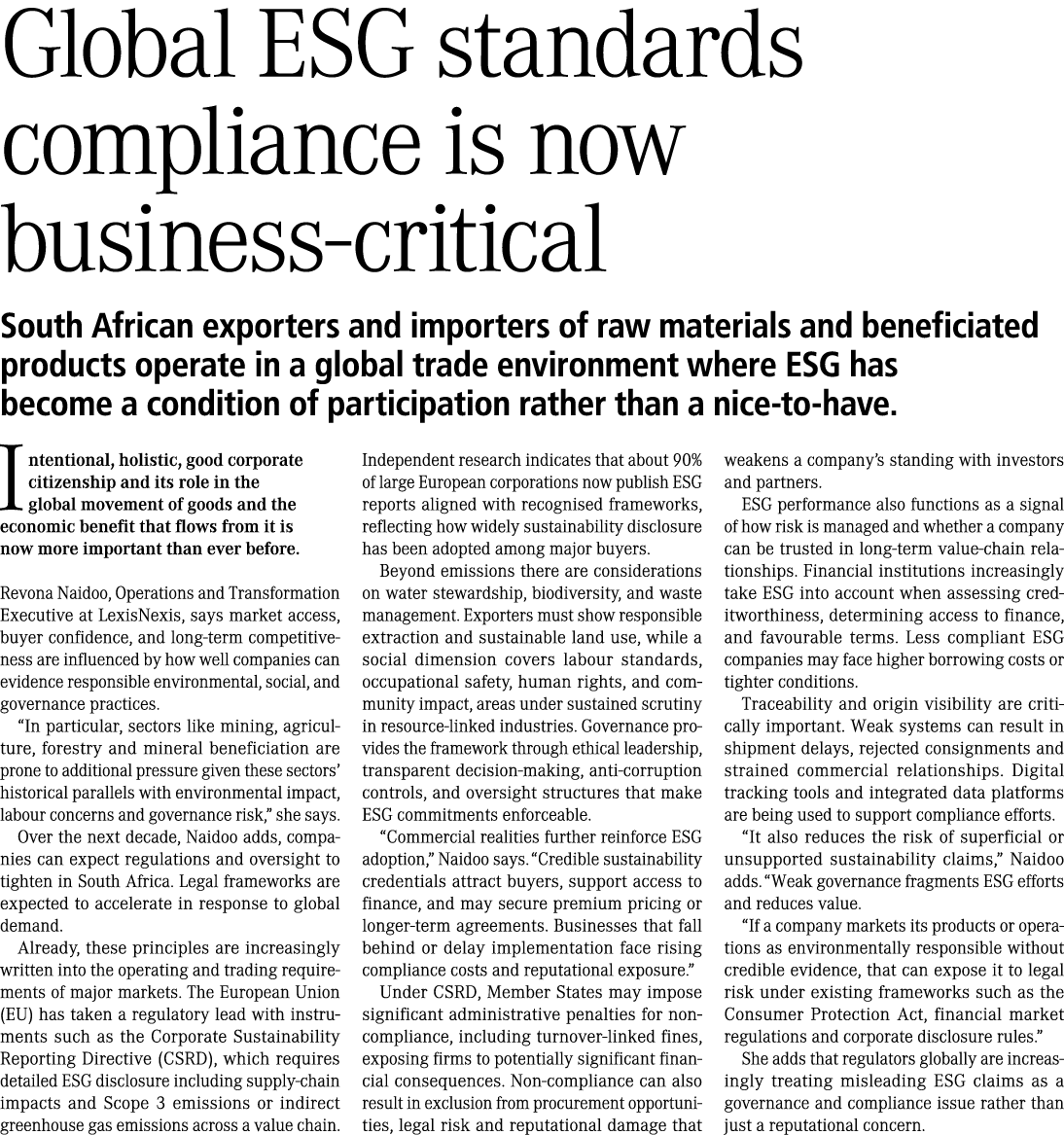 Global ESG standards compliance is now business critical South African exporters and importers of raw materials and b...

---

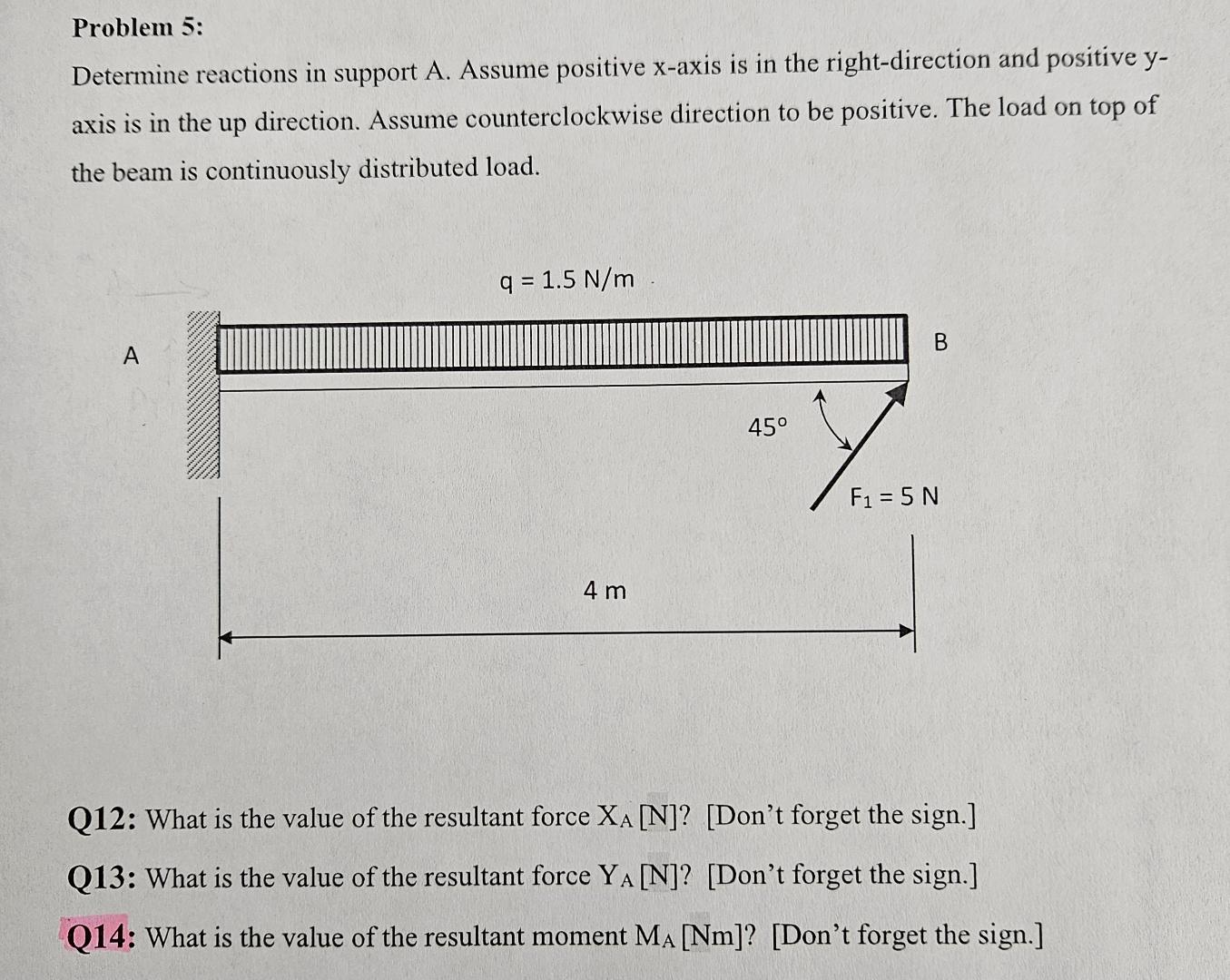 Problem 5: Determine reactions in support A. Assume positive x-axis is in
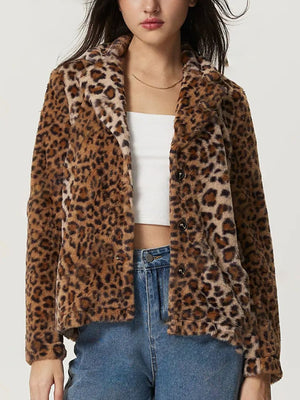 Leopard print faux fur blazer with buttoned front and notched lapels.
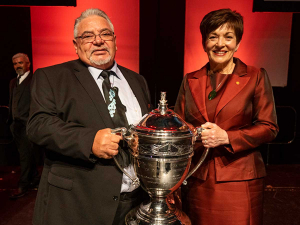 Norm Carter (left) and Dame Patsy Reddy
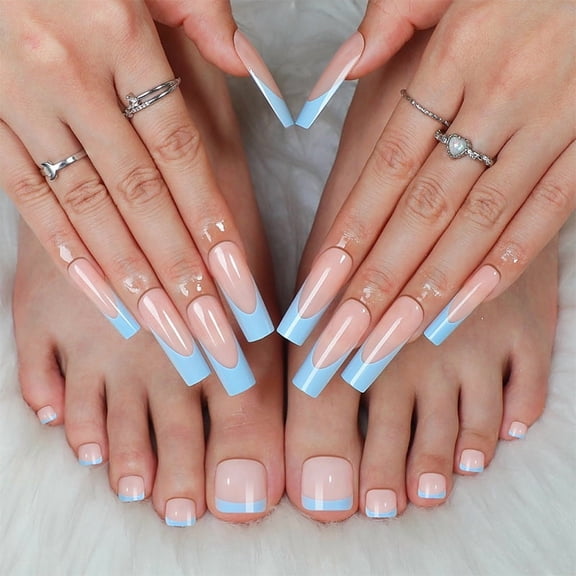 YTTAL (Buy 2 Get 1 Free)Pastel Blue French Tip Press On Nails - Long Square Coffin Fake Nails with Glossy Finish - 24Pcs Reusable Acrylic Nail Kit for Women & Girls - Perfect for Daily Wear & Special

### REQUIRED ACTION
What are the lines above from the one with "Norm Carter (left) and Dame Patsy Reddy" to the one with "YTTAL (Buy 2", both included? Reproduce them exactly, without pictures.

### OUTPUT BELOW
 Norm Carter (left) and Dame Patsy Reddy
 YTTAL (Buy 2 Get 1 Free)Pastel Blue French Tip Press On Nails - Long Square Coffin Fake Nails with Glossy Finish - 24Pcs Reusable Acrylic Nail Kit for Women & Girls - Perfect for Daily Wear & Special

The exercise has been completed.